Face-Detection-In-Videos

To run the program run the following commands

git clone https://github.com/sheikhazhanmohammed/Face-Detection-In-Videos.git
cd Face-Detection-In-Videos
pip install -r requirements.txt
python3 face_detection.py DEVICE_CONFIG INPUT_VIDEO_LOCATION OUTPUT_FOLDER_LOCATION

Where GPU_CONFIG can either be gpu or cpu depending upon available devices. The next input argument is the path of video we want to analyze, and the last argument is path of output folder. A sample video is attached which can be tested using:

python3 face_detection.py cpu trial-video.mp4 trial

This should make a directory named trial which will have unique faces from the video.

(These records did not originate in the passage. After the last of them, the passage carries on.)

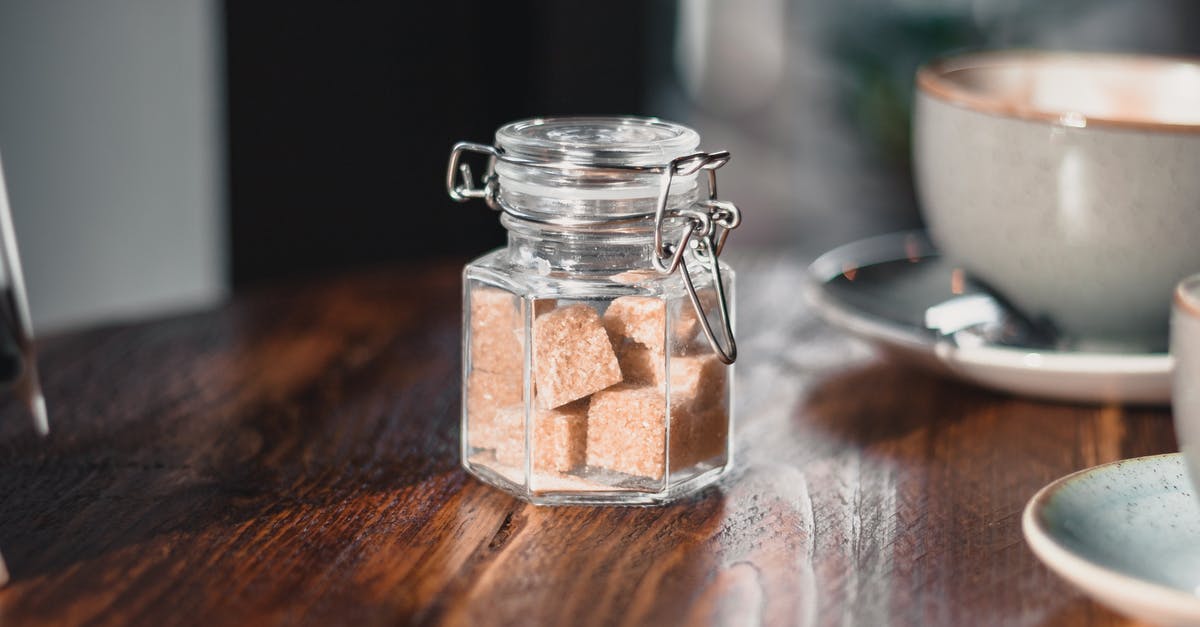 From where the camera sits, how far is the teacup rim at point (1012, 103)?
0.79 m

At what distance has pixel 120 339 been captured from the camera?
969mm

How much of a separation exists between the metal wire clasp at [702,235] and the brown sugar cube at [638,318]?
2cm

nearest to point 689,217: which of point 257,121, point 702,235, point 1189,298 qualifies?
point 702,235

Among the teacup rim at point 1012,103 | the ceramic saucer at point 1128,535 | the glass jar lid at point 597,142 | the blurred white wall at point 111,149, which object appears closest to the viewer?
the ceramic saucer at point 1128,535

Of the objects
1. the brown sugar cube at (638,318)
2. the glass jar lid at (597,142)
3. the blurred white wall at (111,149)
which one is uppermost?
the glass jar lid at (597,142)

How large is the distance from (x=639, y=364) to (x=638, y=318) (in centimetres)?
3

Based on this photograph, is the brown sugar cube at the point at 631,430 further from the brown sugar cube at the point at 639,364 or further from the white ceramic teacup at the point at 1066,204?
the white ceramic teacup at the point at 1066,204

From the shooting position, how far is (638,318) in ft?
2.17

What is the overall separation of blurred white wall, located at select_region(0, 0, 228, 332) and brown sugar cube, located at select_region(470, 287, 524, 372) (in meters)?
1.37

Why I did not use OpenCV to detect faces

OpenCV's haarcascade frontal face does not give aligned faces as output. Since majority of face models are trained using cropped and aligned faces, the accuracy for feature extraction using haarcascade was not upto the mark. So I decided to go with MTCNN which outputs landmark points which can be used to align the faces.

Clustering technique used

Since the Facenet model already produced embeddings for images, all I needed to do was to use these embeddings and cluster them together. Rather than calculating the cosine similarity between the images and then deciding a threshold, I decided to use sklearn's cluster technique to cluster the features and then get unique identities. I use 10% of total faces as minimum samples we need to find a unique identity. The DBSCAN clustering technique also gives an additional label, -1, which has indices of images which could not be clustered. This may happen because of the following reason:

The number of samples for the image was quite low in the given feature space.
Some images may not be complete and hence would not match with the other images.

We ignore these images and do not save them.